And what about them never dreaming how the population would age? Robert J. Myers, who was an actuary with FDR's Committee on Economic Security, which developed Social Security, and who then worked on Social Security into his 90's, who died just a few months ago, and whom many of us knew, was the one to crunch the numbers. Not only did he know that people would be living longer in the future, he forecast it with great accuracy. In 1934, he projected that in 2000, 12.7 percent of the population would be age 65 or older. According to the 2000 Census figures, the percentage of those aged 65 and older was 12.4 percent of the population.
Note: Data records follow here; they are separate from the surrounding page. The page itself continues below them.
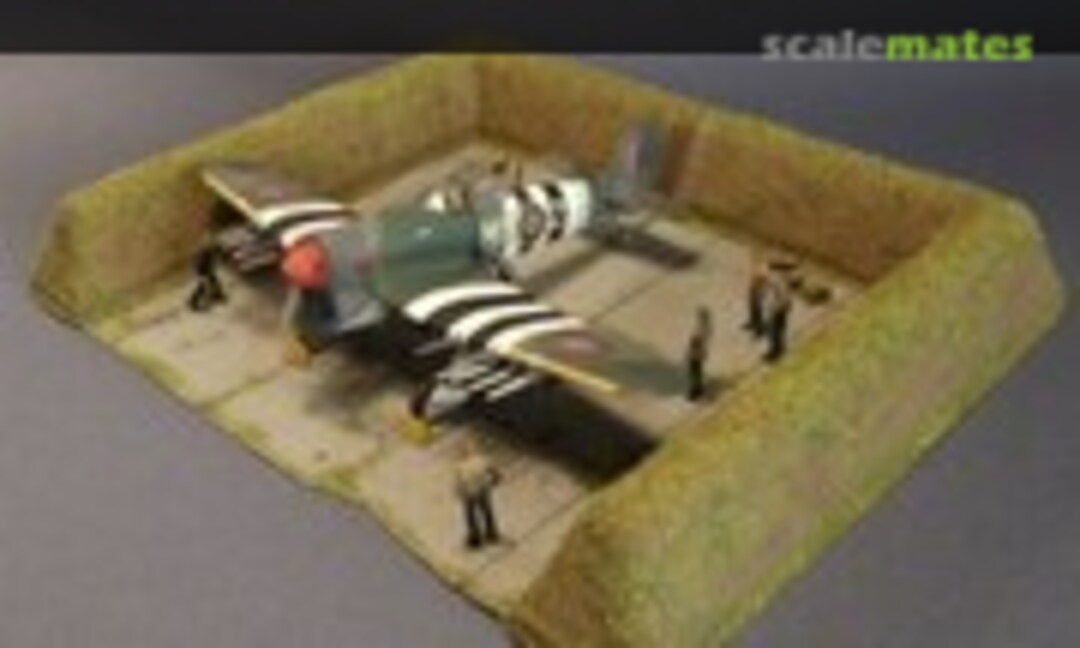 Hawker Typhoon Mk.Ib 1:72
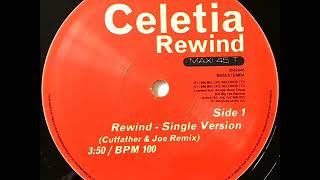 Celetia – Rewind – 90’S R&B Old School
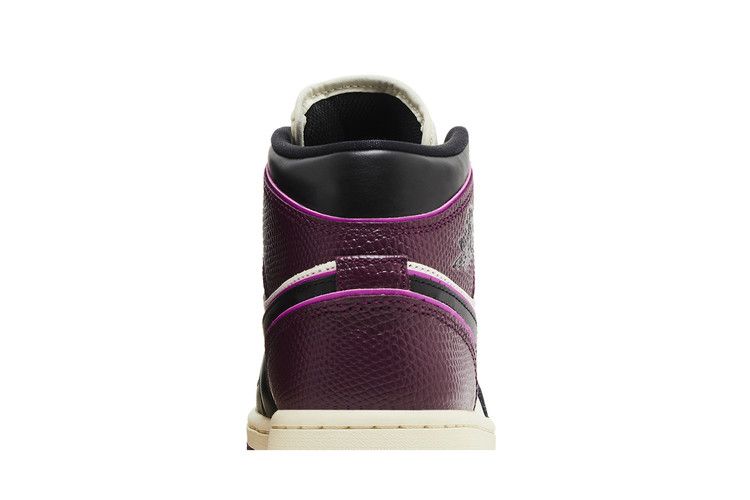 Jordan 1 Mid SE Bordeaux (Women's)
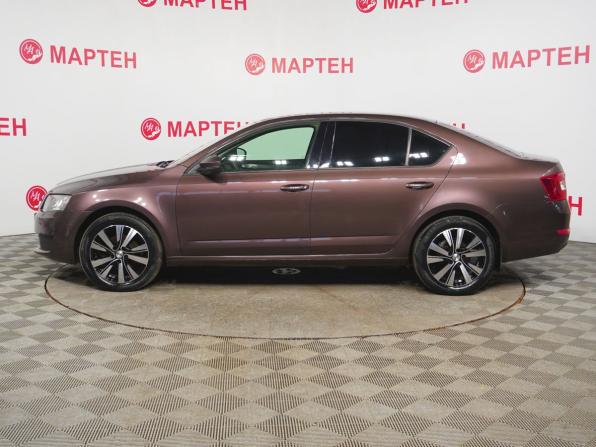 Skoda Octavia III (A7) с пробегом 2013 года, цена 889 000 рублей, 177631 км, лифтбек, Автокод Объявления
Social Security was enacted during the Depression but it was never intended to "take care of poor guys in the Depression," as Simpson falsely claims. Means-tested welfare, which paid benefits immediately, was enacted for that purpose. Because Social Security is insurance and people have to pay in to become insured, the 1935 statute didn't provide for any benefits to be paid until 1942!

Simpson, "They never knew there was a baby boom in '83."
What a frighteningly ignorant claim from someone entrusted to make national policy as co-chair of the President's Fiscal Commission. The first baby boomer was born on January 1, 1946. Seventy-six million births later, the last baby boomer was born on December 31, 1964. The Social Security Administration employs over 40 actuaries, whose job is to watch trends such as birth rates. They were certainly aware of the baby boomers as they were arriving!
Putting aside his years of trying to privatize and cut Social Security, Mr. Simpson appears to have so little command of the basic facts about Social Security that it is doubtful that he realizes that the average benefit for all beneficiaries is just $13,000, $14,000 for retirees, and that claims for early retirement benefits spiked last year because of the recession. What shameful ignorance he displays, when for many years he has accused older Americans, and the organizations representing them, of being "greedy" because they do not want to see their or their children's and grandchildren's benefits cut.
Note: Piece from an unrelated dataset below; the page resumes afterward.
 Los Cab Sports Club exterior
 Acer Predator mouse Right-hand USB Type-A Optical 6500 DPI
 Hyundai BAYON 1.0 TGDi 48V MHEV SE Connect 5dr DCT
SIMPSON: We're really working on solvency... the key is solvency
LAWSON: What about adequacy? Are you focusing on adequacy as well?
SIMPSON: Where do you come up with all the crap you come up with?
SIMPSON: "We're trying to take care of the lesser people in society and do that in a way without getting into all the flashwords you love dig up, like cutting Social Security, which is bullshit.
This is the man with responsibility for deciding Social Security policy for this country? This is not a game. Social Security lifts 1.3 million children out of poverty, provides half or more of the income to 2/3rds of seniors, and without which 55 percent of disabled workers and their families would have incomes below the poverty line.

Moreover, Social Security does not and cannot contribute to the federal deficit. Not a penny. By law it may not borrow. There's a manageable financing problem. There are also important changes that should be made to further strengthen protections for particularly vulnerable groups. Indeed, to strengthen Social Security, both solvency and adequacy must be addressed. But not with the hatchet Simspon would take out while falsely claiming the federal deficit requires unwarranted changes in Social Security. Rather, these changes should be made, thoughtfully and deliberatively, by Congress and the Congressional committees that have jurisdiction over Social Security, not by Simpson.

Simpson should step aside and let those with compassion and knowledge take stewardship over Social Security, the nation's most successful domestic program, created by Democrats and supported by many across the political spectrum who bothered to learn the facts.

The authors, Nancy Altman, author of The Battle for Social Security, and Eric Kingson, Professor of Social Work at Syracuse University, and are Co-Directors of Social Security Works. The authors served as staff for the 1982 National Commission on Social Security Reform.